> [Problem] A faithful copy is required: retype the records from their first line through the line with "Turnkey I Henry's Tower Apartment Prague", and omit the pictures.

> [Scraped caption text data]
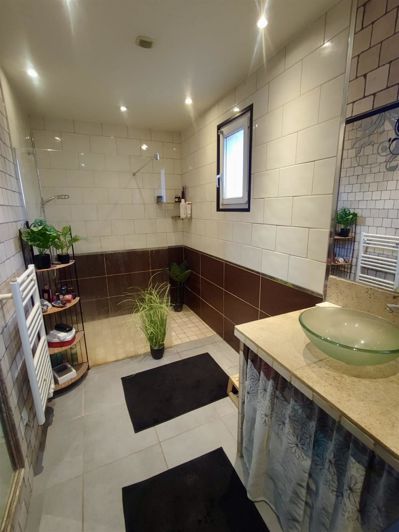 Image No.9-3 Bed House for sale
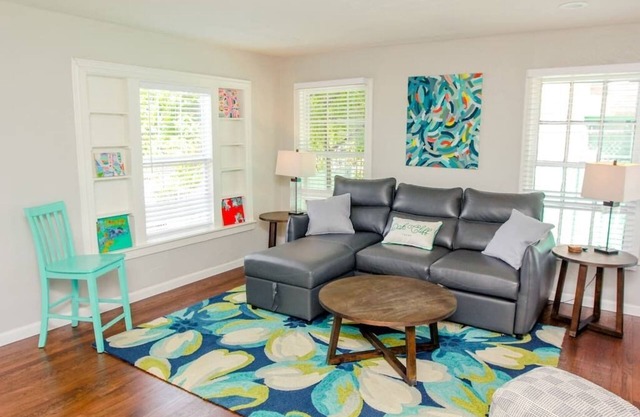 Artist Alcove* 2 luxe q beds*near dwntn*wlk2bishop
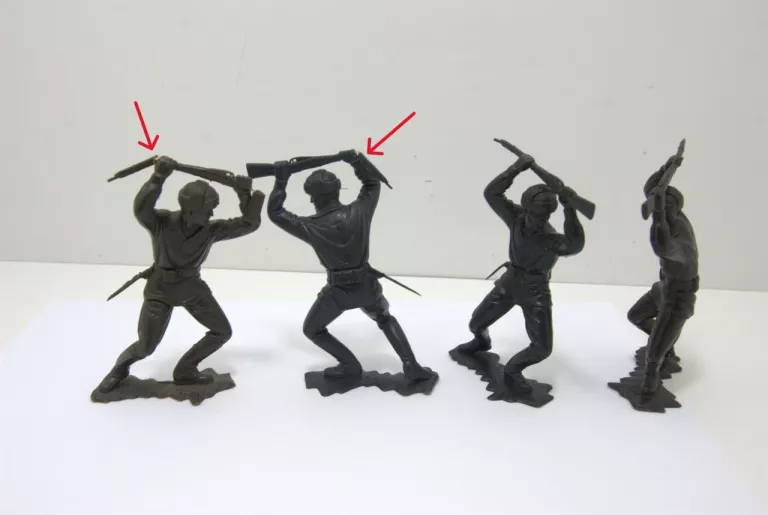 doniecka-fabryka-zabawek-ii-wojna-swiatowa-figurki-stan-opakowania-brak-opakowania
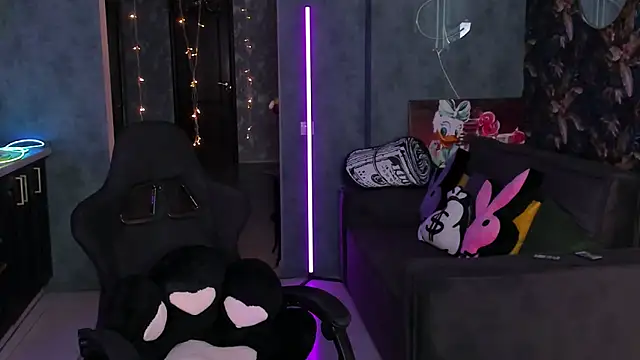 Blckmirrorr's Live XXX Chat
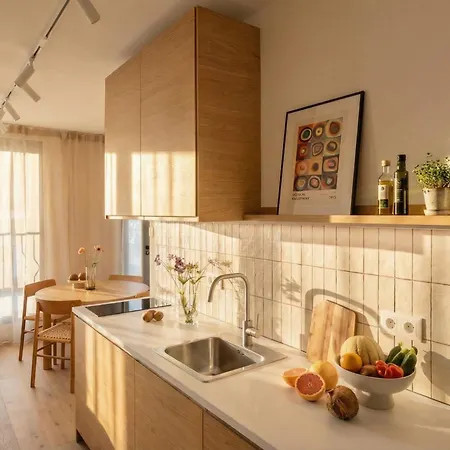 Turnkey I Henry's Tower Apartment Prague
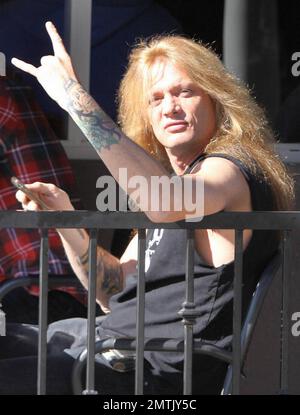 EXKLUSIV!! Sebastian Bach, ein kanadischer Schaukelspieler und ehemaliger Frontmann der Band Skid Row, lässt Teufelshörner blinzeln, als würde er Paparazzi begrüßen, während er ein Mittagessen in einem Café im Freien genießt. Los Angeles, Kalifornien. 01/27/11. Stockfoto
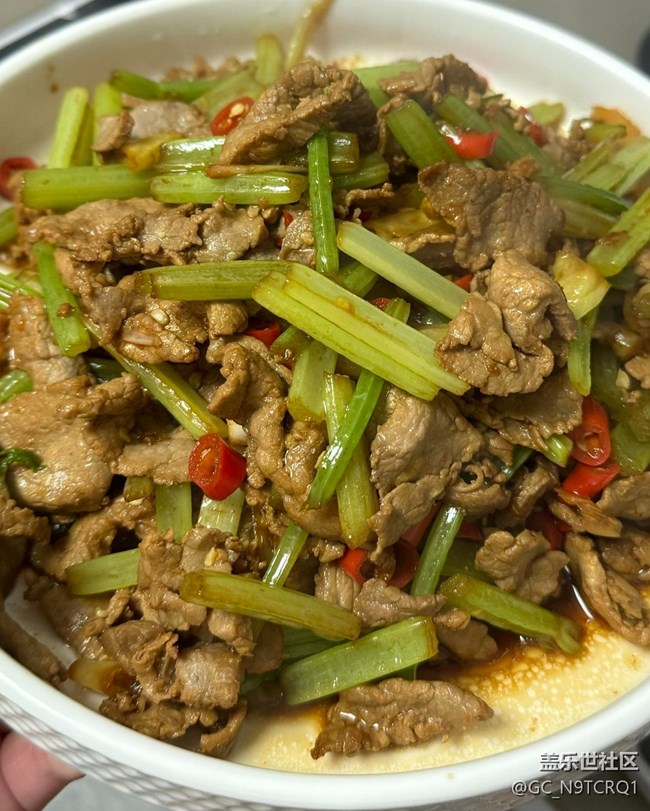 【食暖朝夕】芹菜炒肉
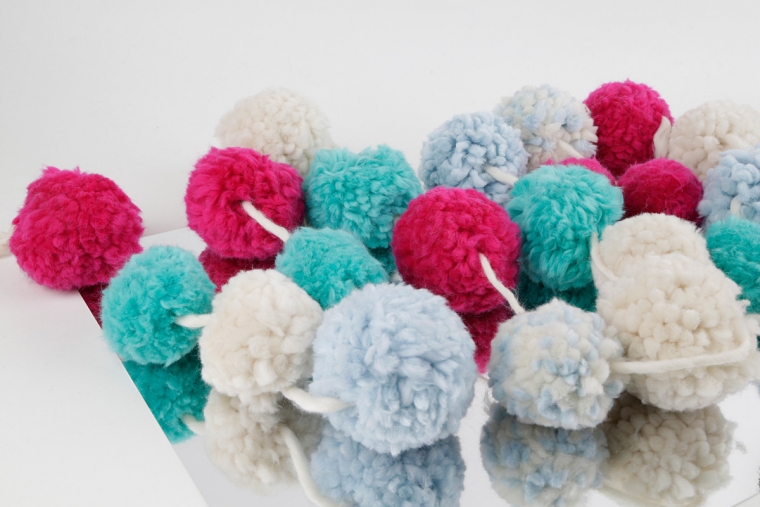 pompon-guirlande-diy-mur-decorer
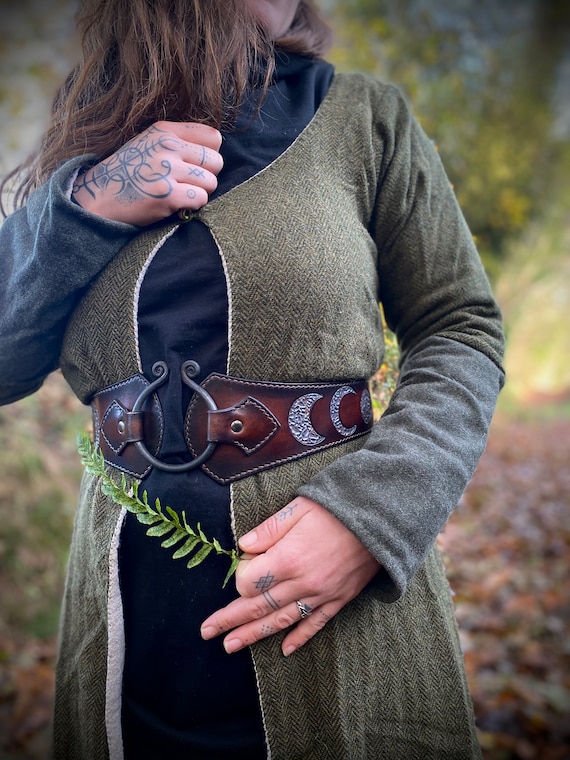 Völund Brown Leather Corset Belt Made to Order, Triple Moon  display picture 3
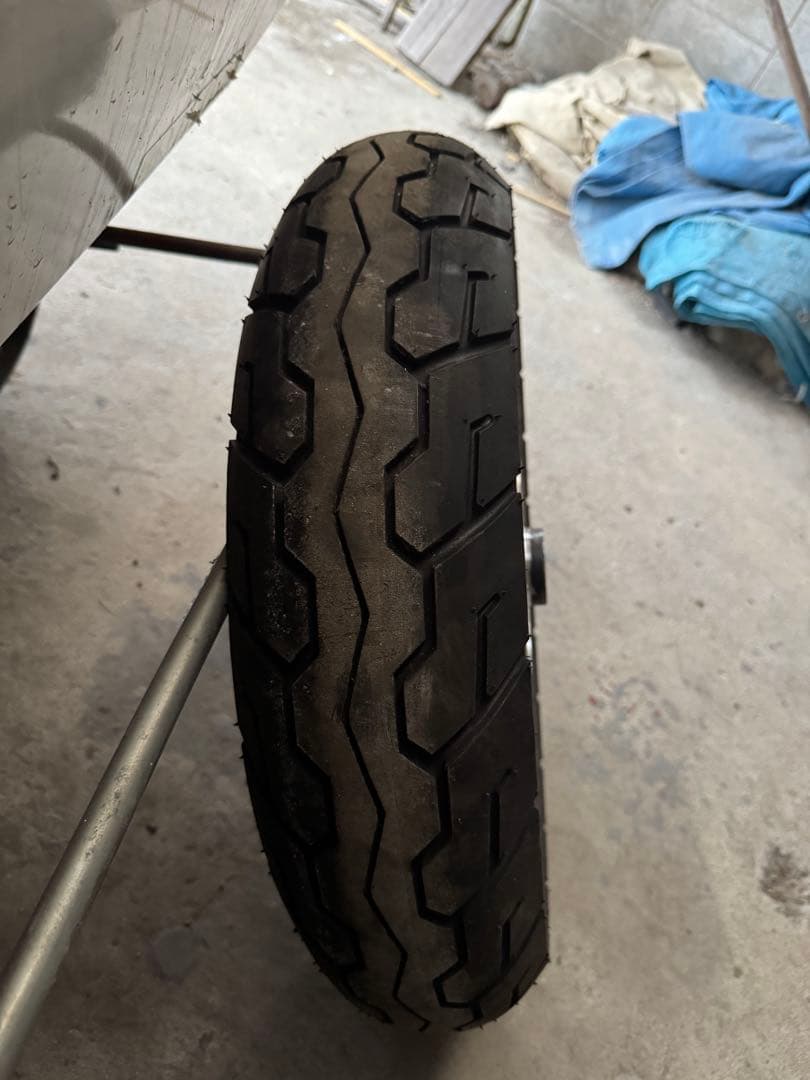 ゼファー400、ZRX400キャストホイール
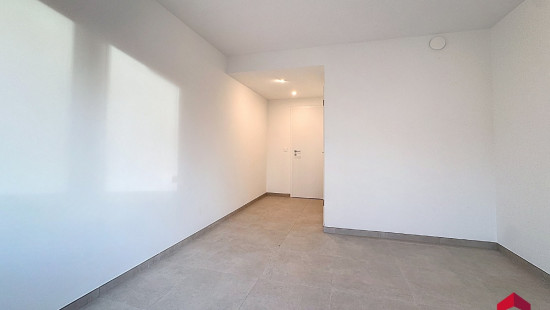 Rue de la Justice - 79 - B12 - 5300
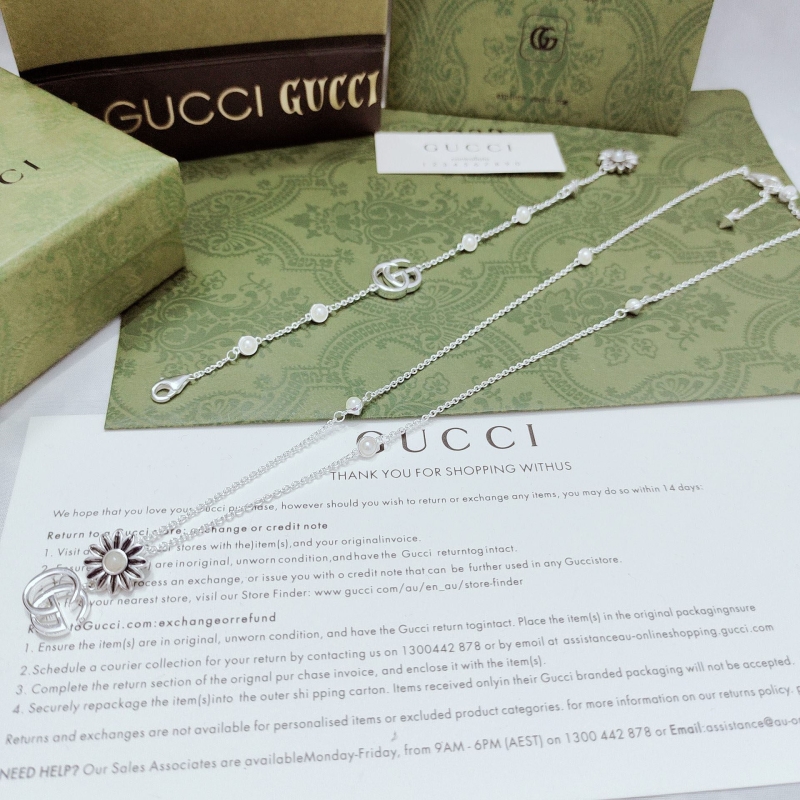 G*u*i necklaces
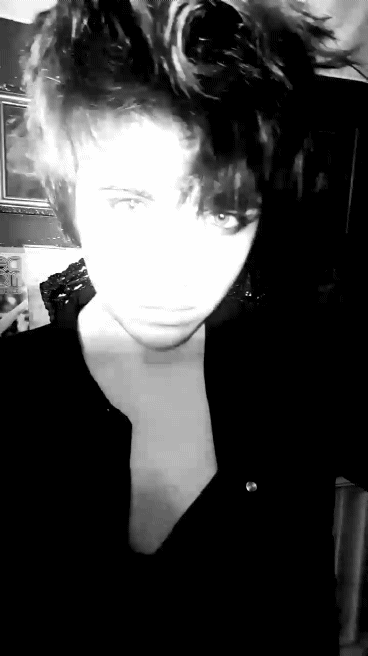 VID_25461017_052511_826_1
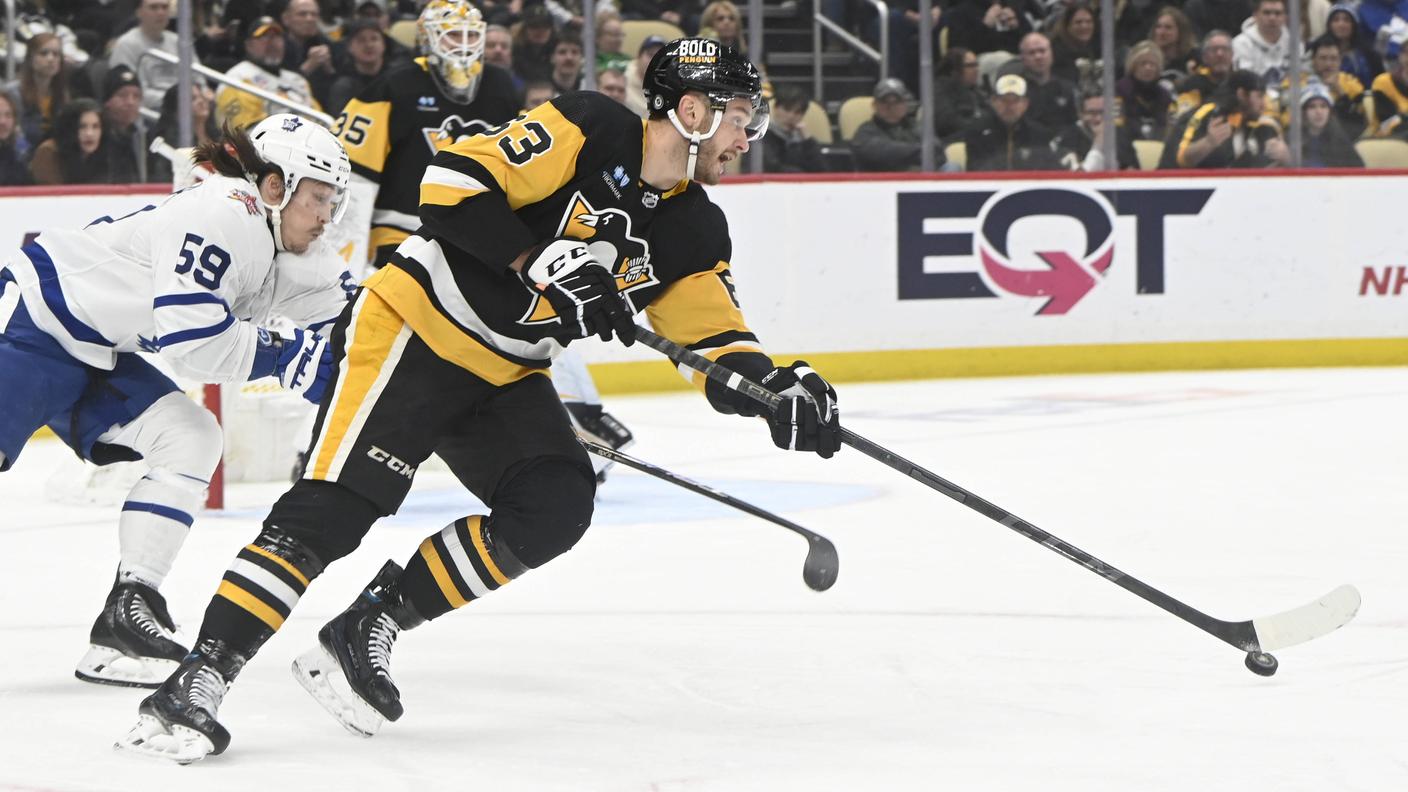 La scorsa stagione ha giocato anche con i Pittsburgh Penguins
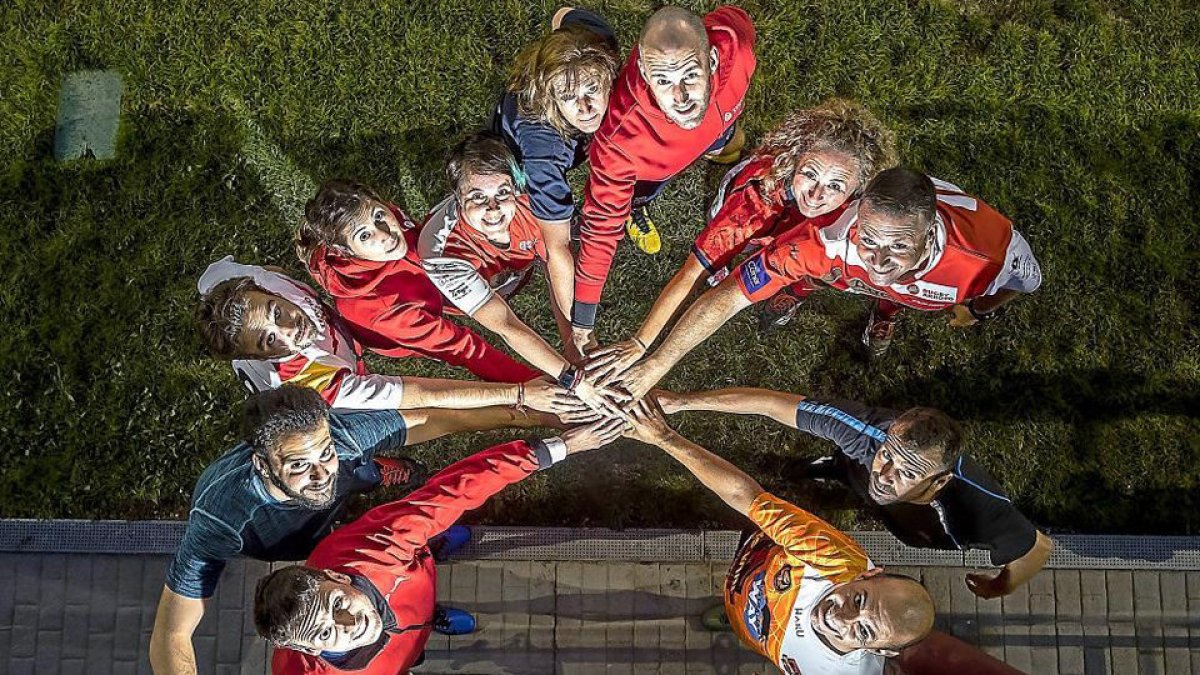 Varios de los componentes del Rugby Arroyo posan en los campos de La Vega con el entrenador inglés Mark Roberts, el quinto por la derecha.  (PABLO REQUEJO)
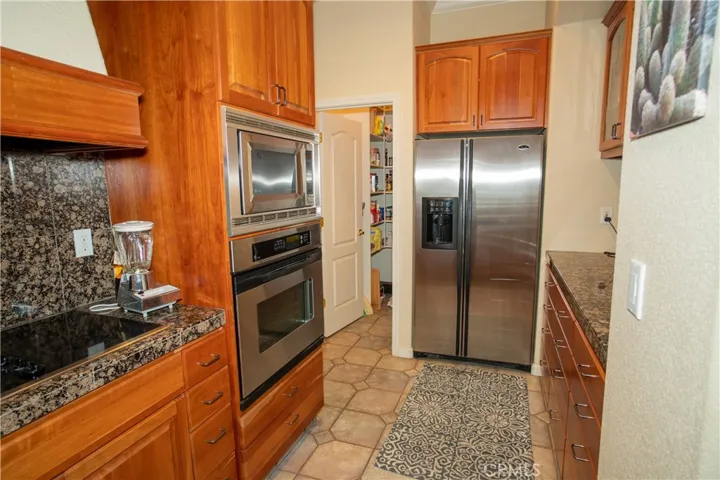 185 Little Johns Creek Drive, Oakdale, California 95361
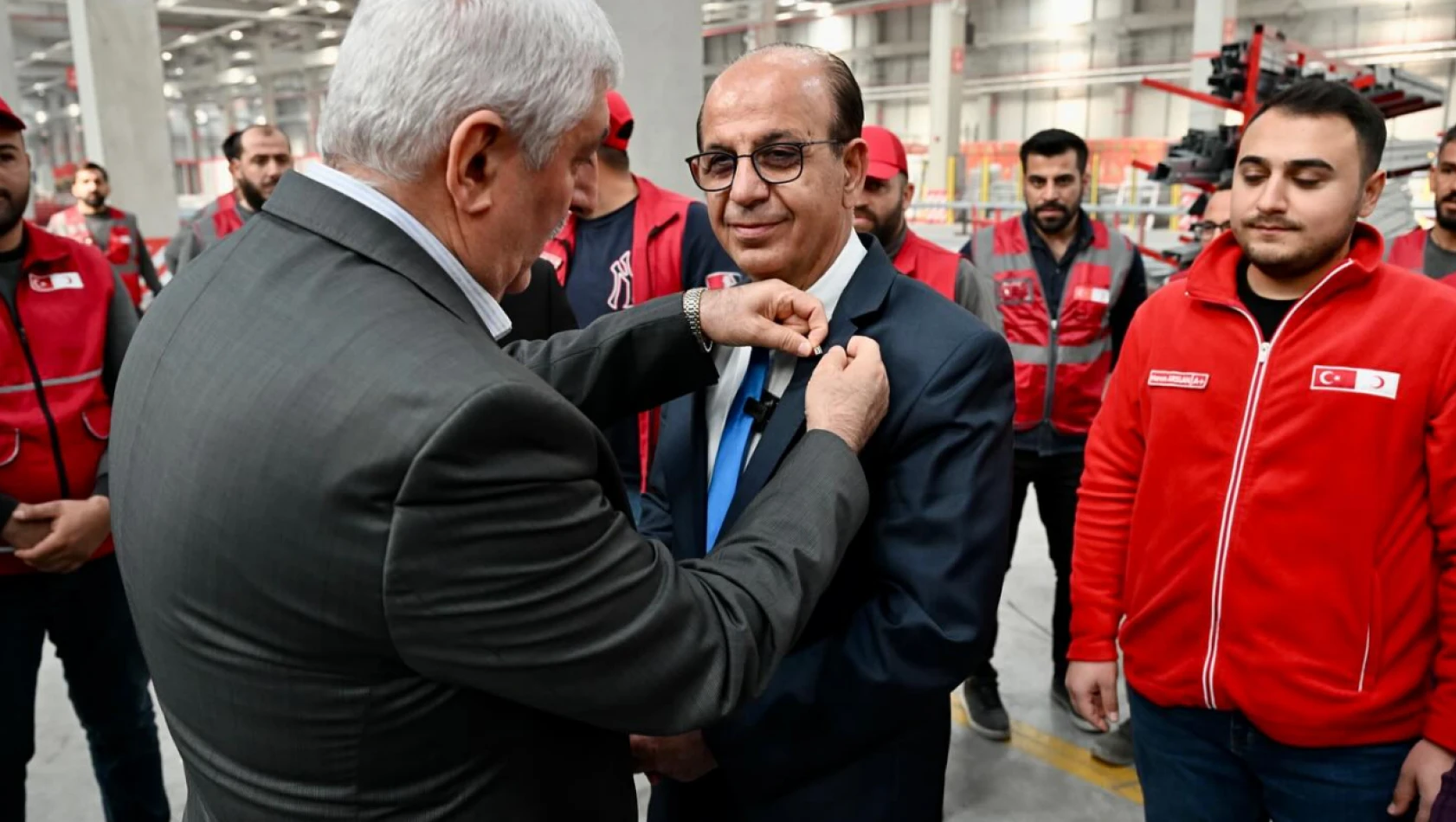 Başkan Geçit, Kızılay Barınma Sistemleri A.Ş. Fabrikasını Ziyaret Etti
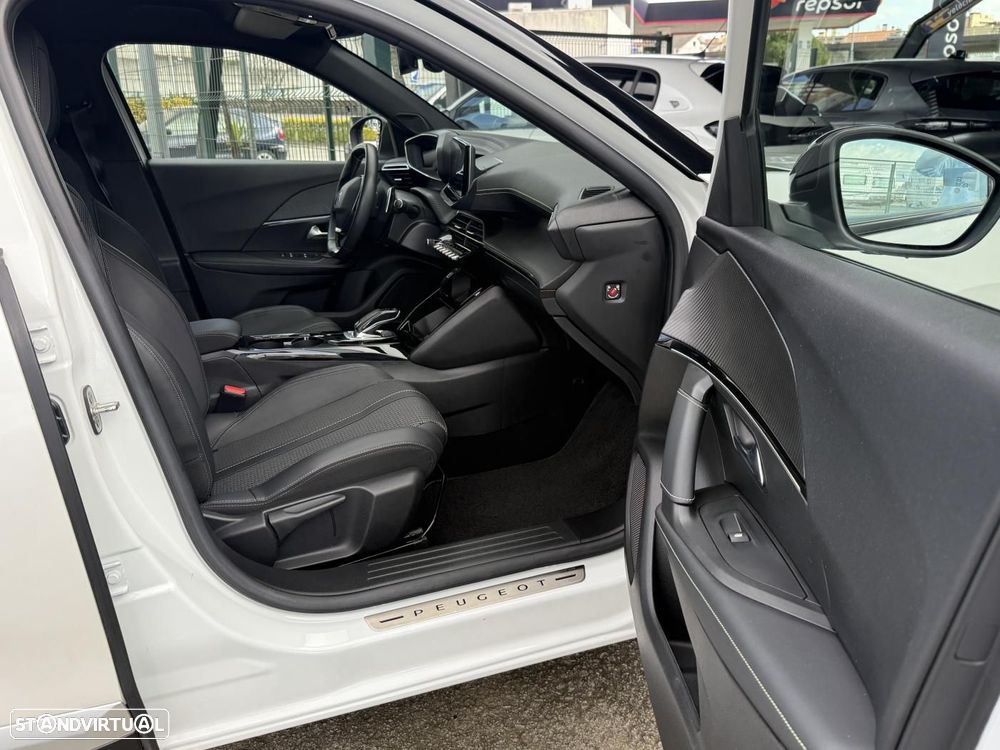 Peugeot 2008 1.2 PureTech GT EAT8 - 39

> [Answer to this exercise]
 Image No.9-3 Bed House for sale
 Artist Alcove* 2 luxe q beds*near dwntn*wlk2bishop
 doniecka-fabryka-zabawek-ii-wojna-swiatowa-figurki-stan-opakowania-brak-opakowania
 Blckmirrorr's Live XXX Chat
 Turnkey I Henry's Tower Apartment Prague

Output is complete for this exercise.